A problem that encouraged even the legendary value investor Warren Buffett to be sitting now on the single largest amount of cash in the history of his 50 years as an investor. Since Mr. Buffett typically advocates being fully invested, this tells you something important. Also George Soros, another billionaire, was highly hedged with short positions and precious metals to protect himself from the downside that could possibly happen. So, if both Soros and Buffett are trying to set themselves up to protect their holdings at the same time by owning assets that could benefit from a drop, then retail investors should consider it too.

So, we put together some portfolio ideas and some justifications for when looking at a portfolio. Here's the first idea. Both gold and silver are significantly above their 200-day moving average (Source: Bloomberg). They are also a play on monetary instability and central bank monetary policy failure.
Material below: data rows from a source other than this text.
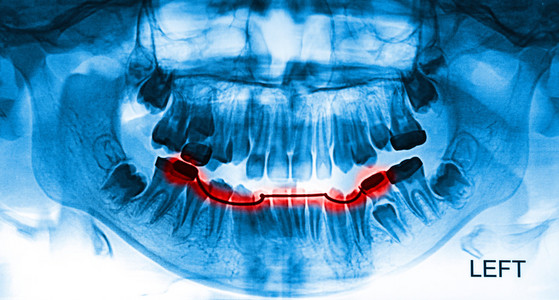 人类牙齿的 x 线扫描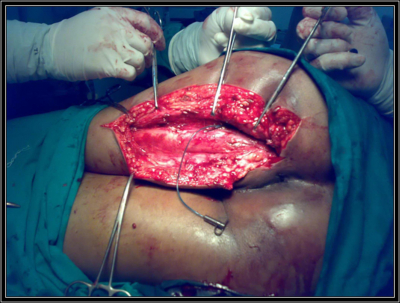 best of Anus Fistula in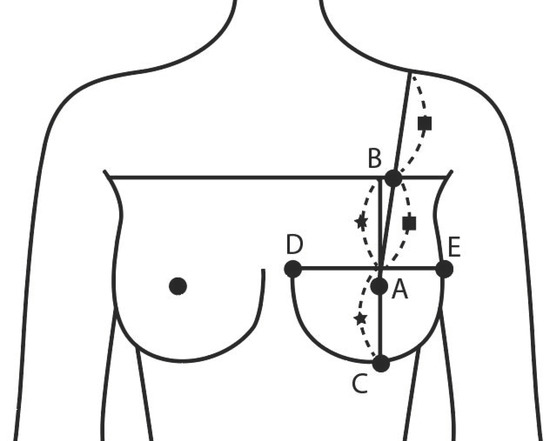 Tomography, Free Full-Text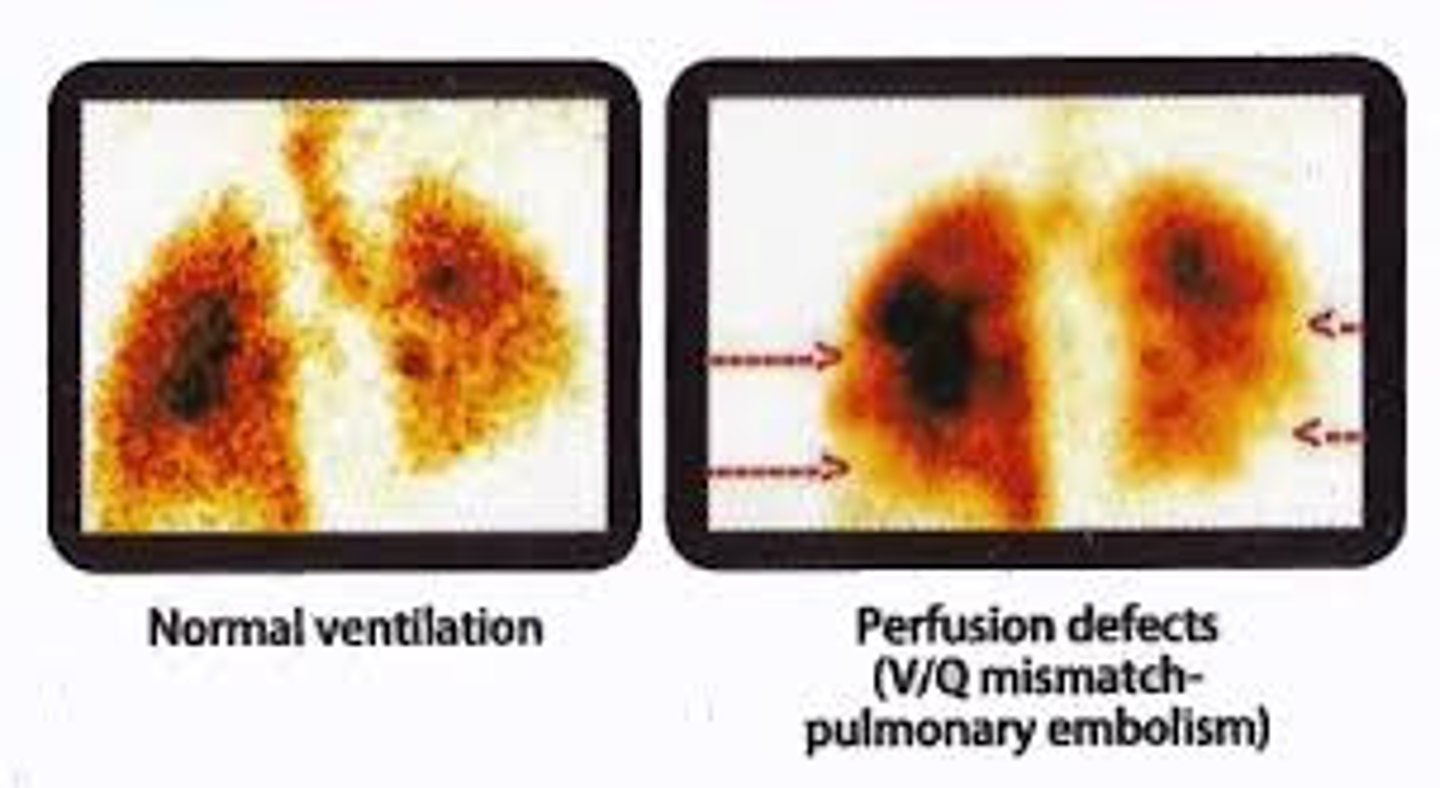 <p>Used to evaluate PE, R to L shunt, lung function before surgery</p><p>-Uses argon gas --&gt; ventilation</p><p>-Tags RBCs --&gt; perfusion</p>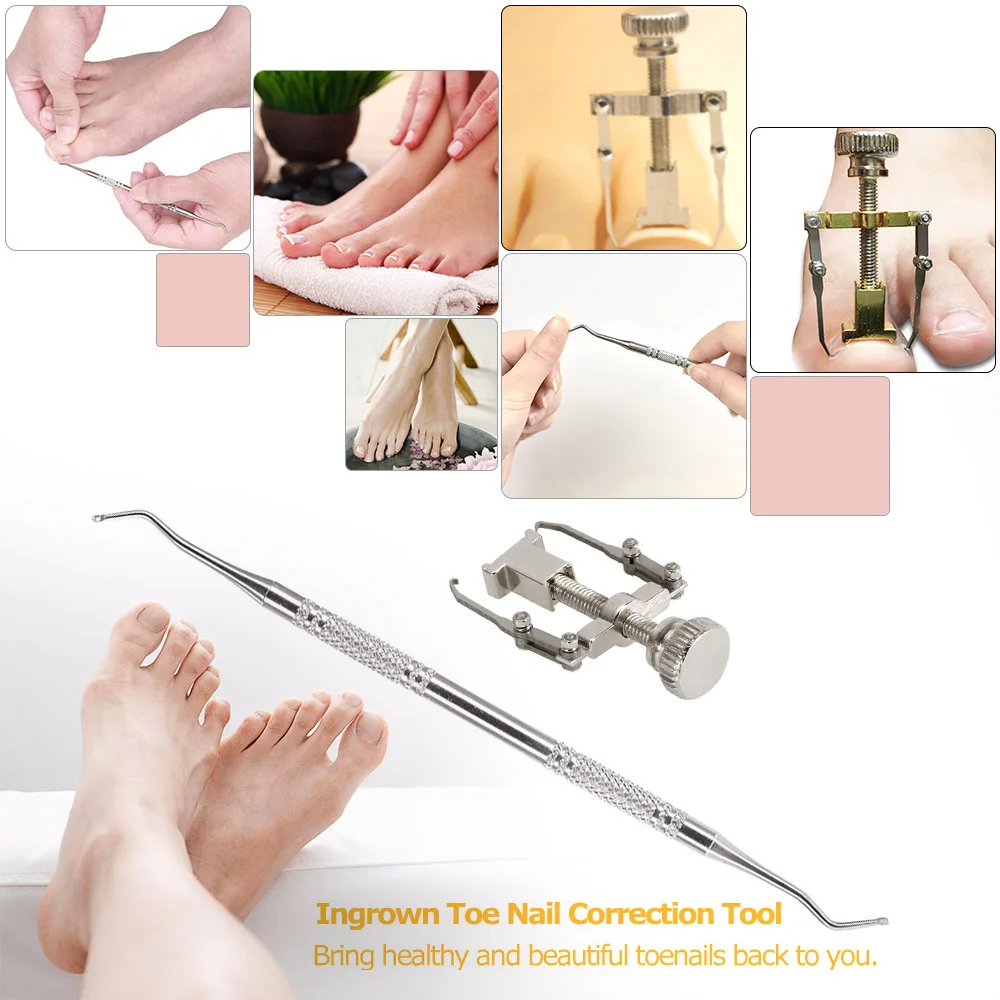 Stainless Steel Ingrown Toe Nail Recover Correction Tool Pedicure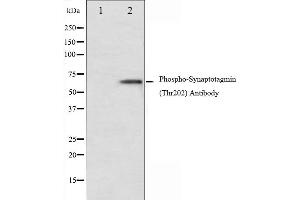 Western blot analysis of Synaptotagmin phosphorylation expression in Forskolin treated 293 whole cell lysates,The lane on the left is treated with the antigen-specific peptide. (Synaptotagmin antibody  (pThr202))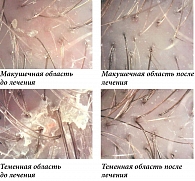 Рис. 6. Результаты трихоскопии пациента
My second idea is Japan. I wouldn't be long in their markets. Maybe consider shorting them, because the last time the Bank of Japan raised the Japanese sales tax, the Nikkei fell about 40 perce nt. That happened in June 1997 to October of 1998 and guess what? The Japanese sales tax is going up again from 5 percent to 8 percent, that's a 3 percent hike, this April 2014.

Here's a last idea. Watch the Chinese renminbi very closely. It traded at 6.1450 to the dollar, its lowest value in 10 months (source: Bloomberg).

This may not sound like a big deal, but it is. The renminbi currency is controlled currently by the Chinese central bank, the People's Bank of China.

We're conservative money managers believing in global diversification for worldwide liquidity. We are not people that feel like every dollar needs to be invested at all times. And I also don't buy into a lot of stuff that goes on in the markets nowadays, because it's not running up on true fundamentals. When the medium-term and long-term hits, the true fundamentals are the only thing somebody should value.